In Laxmangarh, a boy is born. There’s definitely no big star in the sky on that night, showing people where to go: his parents don’t give him a name, nor remember his birthday. He’s called munna, or ‘boy’, for the first years of his life. Eventually, the government bestows these missing birthrights upon him, but the flavour of their choices is decidedly off. His new name, Balram, is the name of the god Krishna’s sidekick: one stir of the cement settling the boy’s inheritance of servitude. Balram’s birthday is decided on election day since the government’s corrupt methods requires another 18-year-old voter. Welcome to the Darkness of India.
Holy nuts, I enjoyed reading this book. The internet must be full of information about it, so I won’t bore you with more plot details or anything like that. It definitely deserves a wide readership: it was very engaging, and Adiga is a skilled writer who has created a fresh, light voice capable of discussing anything from fear of lizards to the insane magnitude of the socio-economic gap between India’s rich and poor.
The White Tiger proffers plenty of exquisitely appalling moments illustrating this repugnant power differential. One of these is the scene a few days after a drunken driving spree by Balram’s master’s wife, Pinky, results in the death of a young boy. The family which Balram serves frames him for the crime. It turns out that there were no witnesses, so the death gets buried by the police, but Balram is not informed that he is off the hook:
The Mongoose and Mr Ashok were sitting in front of a TV screen, playing a computer game together.
The door to the bedroom opened, and Pinky Madam came out. She had no makeup on, and her face was a mess – black skin under her eyes, lines on her forehead. The moment she saw me, she got excited.
‘Have you people told the driver?’
The Stork said nothing. Mr Ashok and the Mongoose kept playing the game. ‘Has no one told him? What a fucking joke! He’s the one who was going to go to jail!’
Mr Ashok said, ‘I suppose we should tell him.’ He looked at his brother, who kept his eyes on the TV screen.

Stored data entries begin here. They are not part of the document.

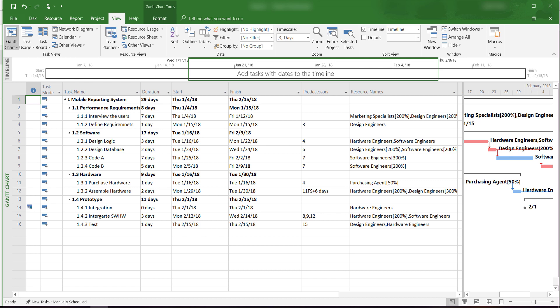At this point, we have already identified all tasks, entered estimated task durations, assigned resources, and resolved the overall allocation issues. We are now ready to save this plan as a baseline plan.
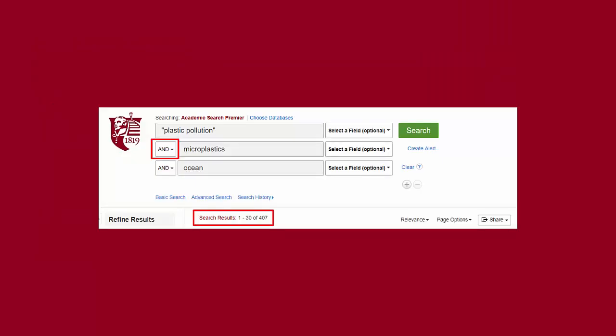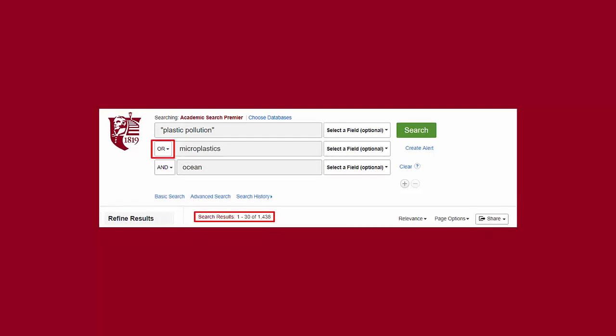If you want to get more results, OR is the Boolean operator you would want to use. Going back to my search, I use AND to connect my search boxes and found over 400 search results. I need to broaden my search to include more results, so I change AND to OR. My keywords are plastic pollution OR microplastics AND ocean.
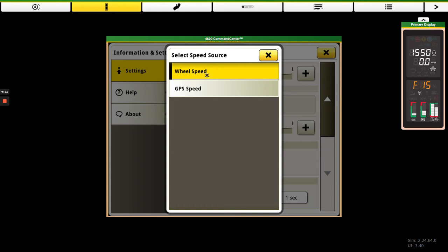So some of the benefits, like I said, we can go in and change these speed sources depending on field conditions and things that we're seeing. We would use our wheel speed, say, if we didn't have a radar installed, or if we were having poor GPS signal quality. We'd also use wheel speed in tall crop conditions that can cause poor radar signal.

But just as Balram was a recusant escapee from the prison of poverty, I never gave in completely to the book’s charm. I guess I’m a slightly captious reader, because, as laid out above, there’s plenty to like about The White Tiger. Balram has just enough emotional depth to make him an amiable narrator, but not much more. Like The Life of Pi, my least favourite Booker winner I’ve read so far, The White Tiger recounts traumatic events, but in the denouement is almost too flippant about what went before. Balram is certainly disconcerted by the murder he’s committed: ‘I am not a politician or a parliamentarian. Not one of those extraordinary men who can kill and move on, as if nothing had happened. It took me four weeks in Bangalore to calm my nerves.’ But what he did in those four weeks, you’re going to have to guess. I don’t think Balram should necessarily have been more apparently wracked. It just meant that I didn’t get so close to him. But a greater meaning is served by this absence of emotional turmoil: whether you are from the Darkness or the Light, India will bring out the brutality in you.